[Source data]
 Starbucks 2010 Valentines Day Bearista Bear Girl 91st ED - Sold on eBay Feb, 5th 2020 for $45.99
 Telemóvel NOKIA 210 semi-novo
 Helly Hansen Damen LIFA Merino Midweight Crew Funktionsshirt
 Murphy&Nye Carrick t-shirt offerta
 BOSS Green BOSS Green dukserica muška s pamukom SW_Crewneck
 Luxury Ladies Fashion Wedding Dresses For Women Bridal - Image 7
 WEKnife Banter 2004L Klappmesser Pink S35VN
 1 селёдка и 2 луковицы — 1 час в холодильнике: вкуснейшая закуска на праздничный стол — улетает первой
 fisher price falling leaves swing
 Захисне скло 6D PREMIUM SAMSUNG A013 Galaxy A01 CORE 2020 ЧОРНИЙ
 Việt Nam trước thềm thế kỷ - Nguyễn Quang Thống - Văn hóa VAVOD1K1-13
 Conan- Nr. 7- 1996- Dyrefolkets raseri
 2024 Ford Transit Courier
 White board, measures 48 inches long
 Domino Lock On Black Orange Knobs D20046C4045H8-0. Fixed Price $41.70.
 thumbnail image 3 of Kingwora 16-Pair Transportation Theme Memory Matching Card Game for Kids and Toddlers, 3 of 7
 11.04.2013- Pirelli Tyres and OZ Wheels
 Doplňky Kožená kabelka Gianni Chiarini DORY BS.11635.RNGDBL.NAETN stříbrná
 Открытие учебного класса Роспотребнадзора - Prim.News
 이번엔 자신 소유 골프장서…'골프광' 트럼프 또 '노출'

*Exercise goal*.
An exact copy of every record is needed.

*Result*.
 Starbucks 2010 Valentines Day Bearista Bear Girl 91st ED - Sold on eBay Feb, 5th 2020 for $45.99
 Telemóvel NOKIA 210 semi-novo
 Helly Hansen Damen LIFA Merino Midweight Crew Funktionsshirt
 Murphy&Nye Carrick t-shirt offerta
 BOSS Green BOSS Green dukserica muška s pamukom SW_Crewneck
 Luxury Ladies Fashion Wedding Dresses For Women Bridal - Image 7
 WEKnife Banter 2004L Klappmesser Pink S35VN
 1 селёдка и 2 луковицы — 1 час в холодильнике: вкуснейшая закуска на праздничный стол — улетает первой
 fisher price falling leaves swing
 Захисне скло 6D PREMIUM SAMSUNG A013 Galaxy A01 CORE 2020 ЧОРНИЙ
 Việt Nam trước thềm thế kỷ - Nguyễn Quang Thống - Văn hóa VAVOD1K1-13
 Conan- Nr. 7- 1996- Dyrefolkets raseri
 2024 Ford Transit Courier
 White board, measures 48 inches long
 Domino Lock On Black Orange Knobs D20046C4045H8-0. Fixed Price $41.70.
 thumbnail image 3 of Kingwora 16-Pair Transportation Theme Memory Matching Card Game for Kids and Toddlers, 3 of 7
 11.04.2013- Pirelli Tyres and OZ Wheels
 Doplňky Kožená kabelka Gianni Chiarini DORY BS.11635.RNGDBL.NAETN stříbrná
 Открытие учебного класса Роспотребнадзора - Prim.News
 이번엔 자신 소유 골프장서…'골프광' 트럼프 또 '노출'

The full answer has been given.